- _What needs to be done_: The records below are to be copied word for word, with every picture left out.

_ _ _ _ _ _ _

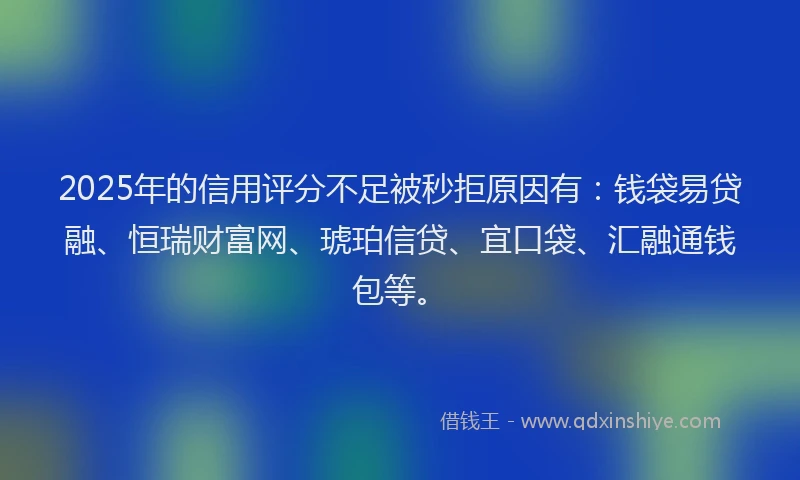 2025年的信用评分不足被秒拒原因有：钱袋易贷融、恒瑞财富网、琥珀信贷、宜口袋、汇融通钱包等。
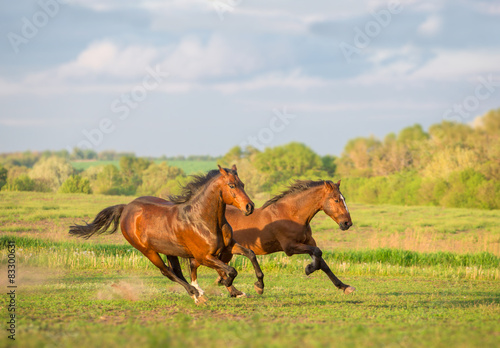 Obraz na płótnie klacz ruch para natura koń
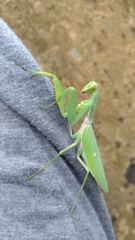 Hierodula patellifera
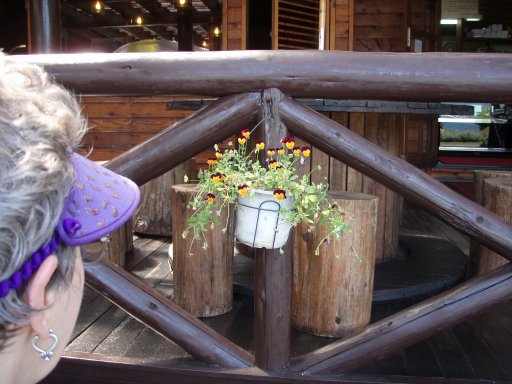Hanging flower pot in Kawaguchiko Japan.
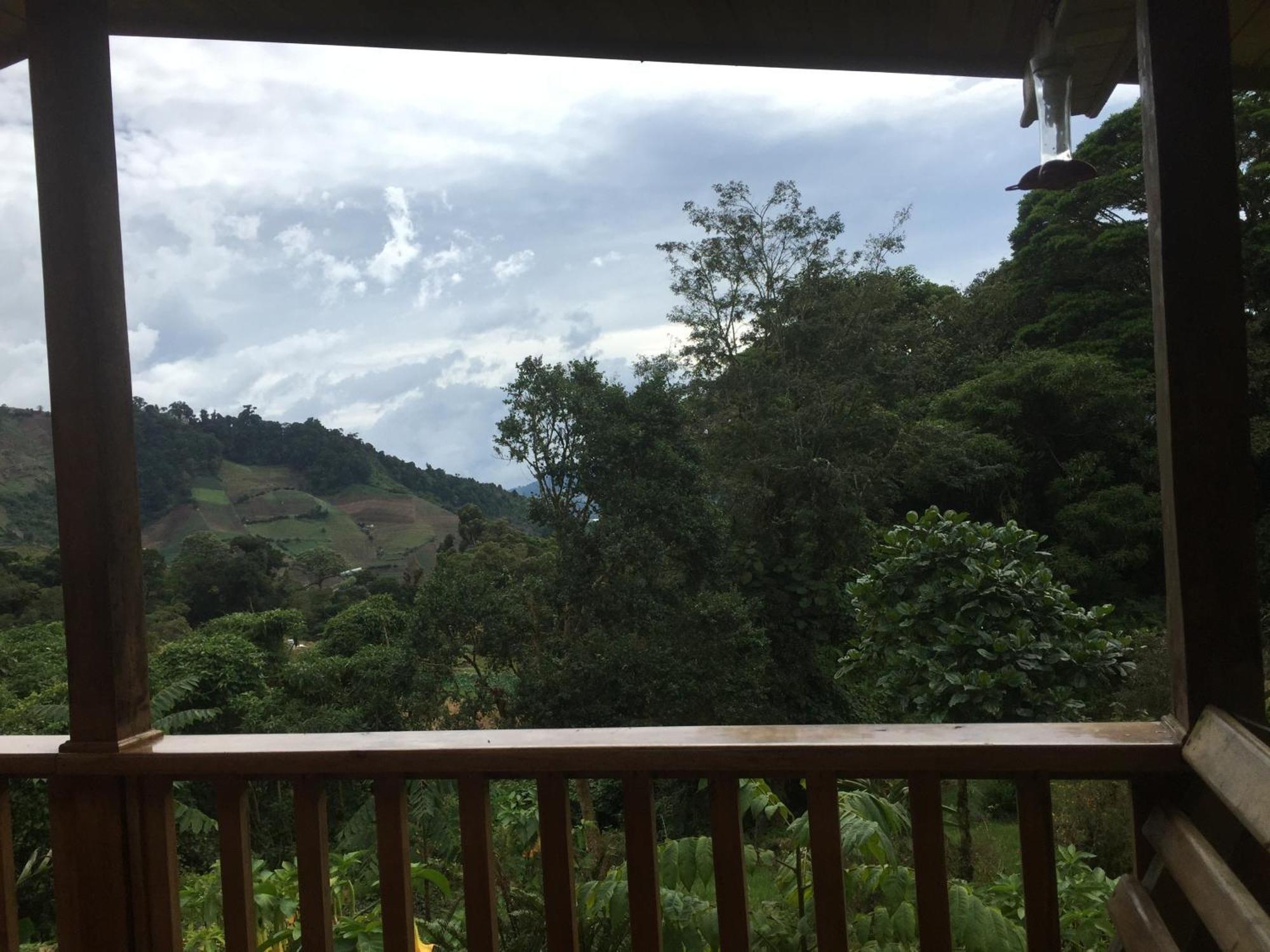 Los Quetzales Ecolodge & Spa Серро-Пунта Екстер'єр фото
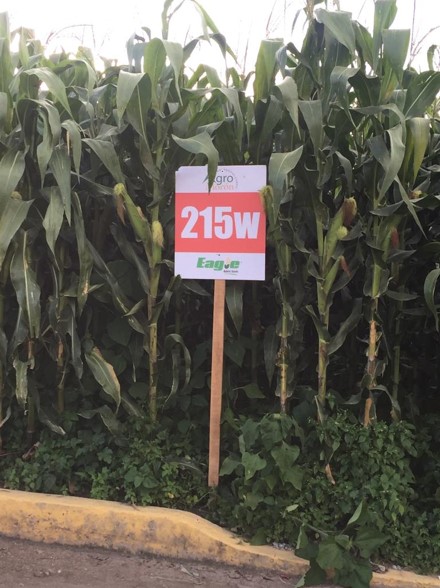 Maíz 215W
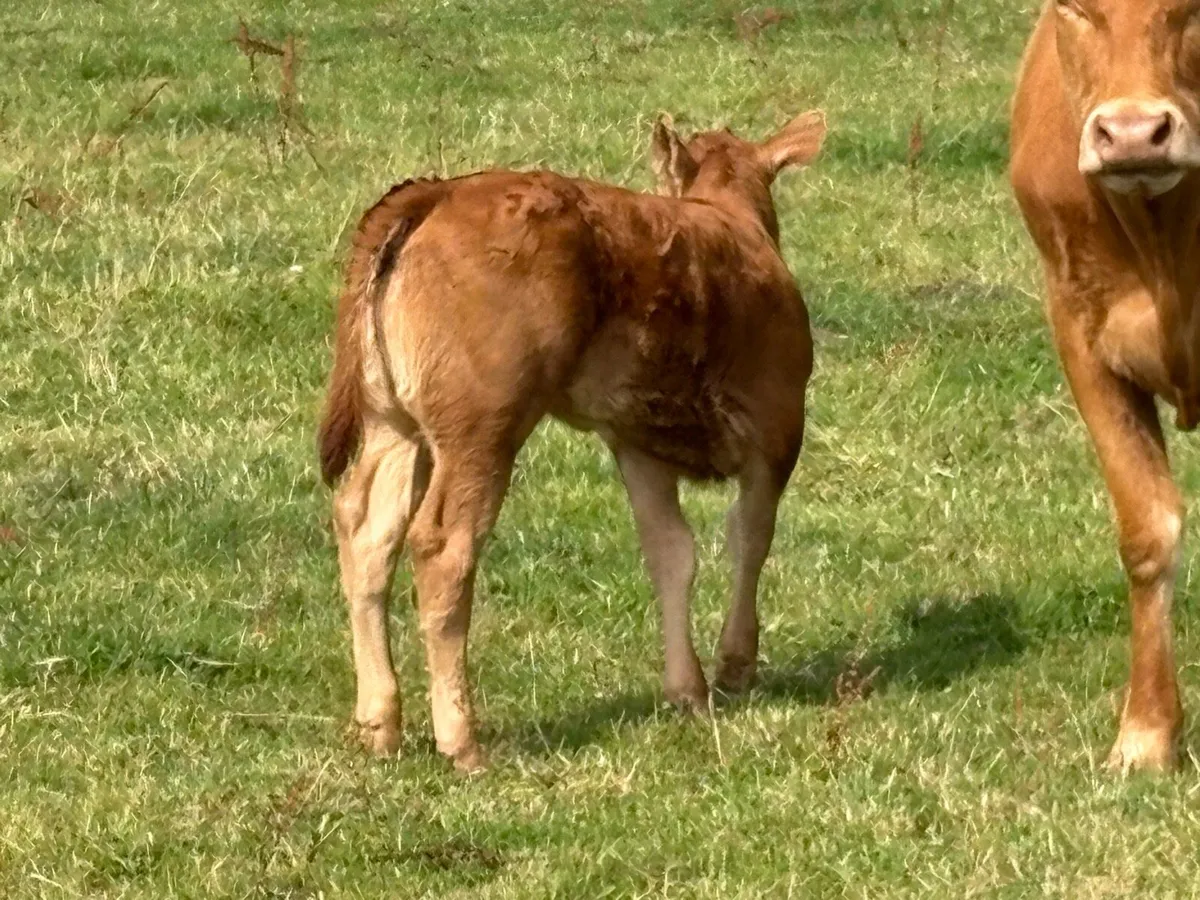 2 super limousine calved heifers - Image 2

_ _ _ _ _ _ _

- _Result_:
 2025年的信用评分不足被秒拒原因有：钱袋易贷融、恒瑞财富网、琥珀信贷、宜口袋、汇融通钱包等。
 Obraz na płótnie klacz ruch para natura koń
 Hierodula patellifera
Hanging flower pot in Kawaguchiko Japan.
 Los Quetzales Ecolodge & Spa Серро-Пунта Екстер'єр фото
 Maíz 215W
 2 super limousine calved heifers - Image 2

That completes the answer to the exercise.